* _Aim of the exercise_
In the data below, find the line containing "Tommy Hilfiger Unisex" and the line containing "Bosch 2607017195 Set boorbits 91stuk(s)", then reproduce them and every line between, exactly. Omit pictures.

* _Information given_
──────────

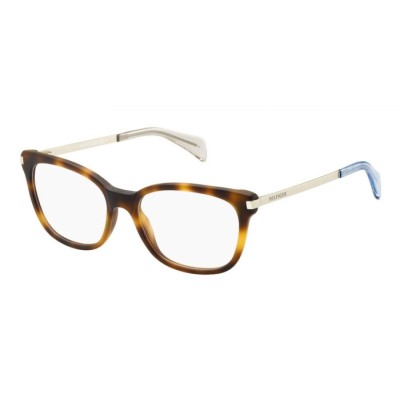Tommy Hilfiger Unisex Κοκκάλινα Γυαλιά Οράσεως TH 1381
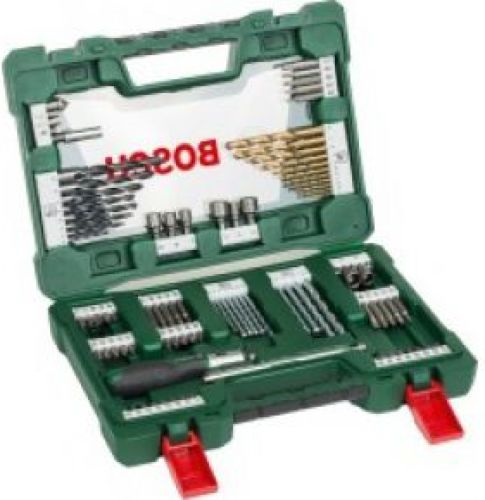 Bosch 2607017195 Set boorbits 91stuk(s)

──────────

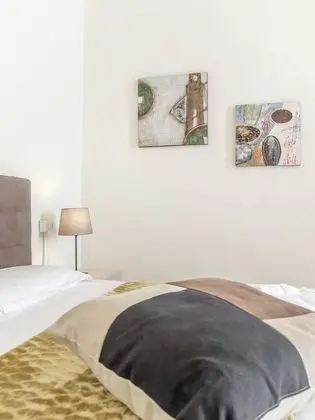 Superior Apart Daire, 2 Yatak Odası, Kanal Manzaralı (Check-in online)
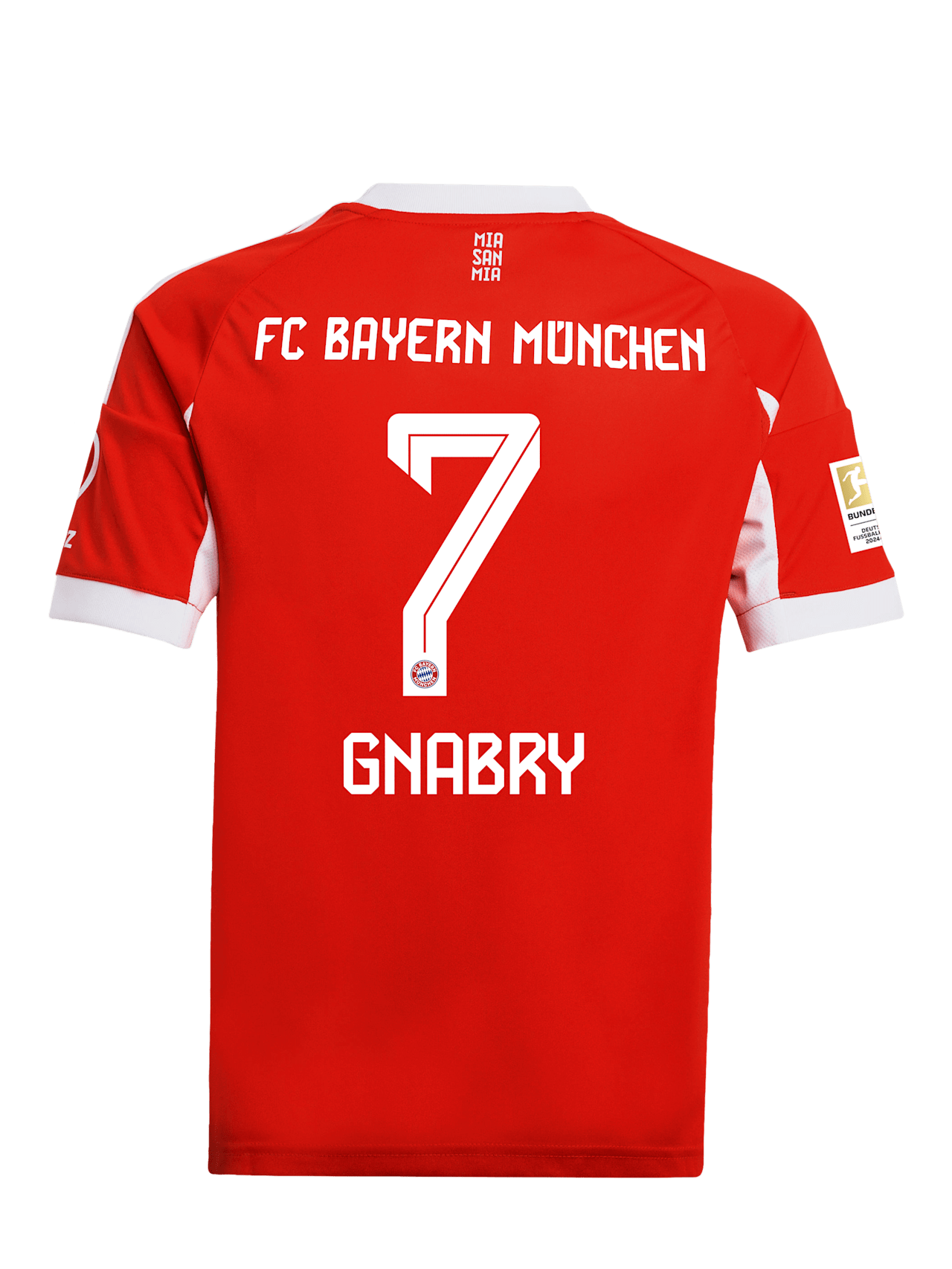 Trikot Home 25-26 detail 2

──────────

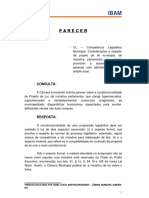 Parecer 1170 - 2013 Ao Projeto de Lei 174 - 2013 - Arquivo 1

──────────

* _Written reply_
Tommy Hilfiger Unisex Κοκκάλινα Γυαλιά Οράσεως TH 1381
 Bosch 2607017195 Set boorbits 91stuk(s)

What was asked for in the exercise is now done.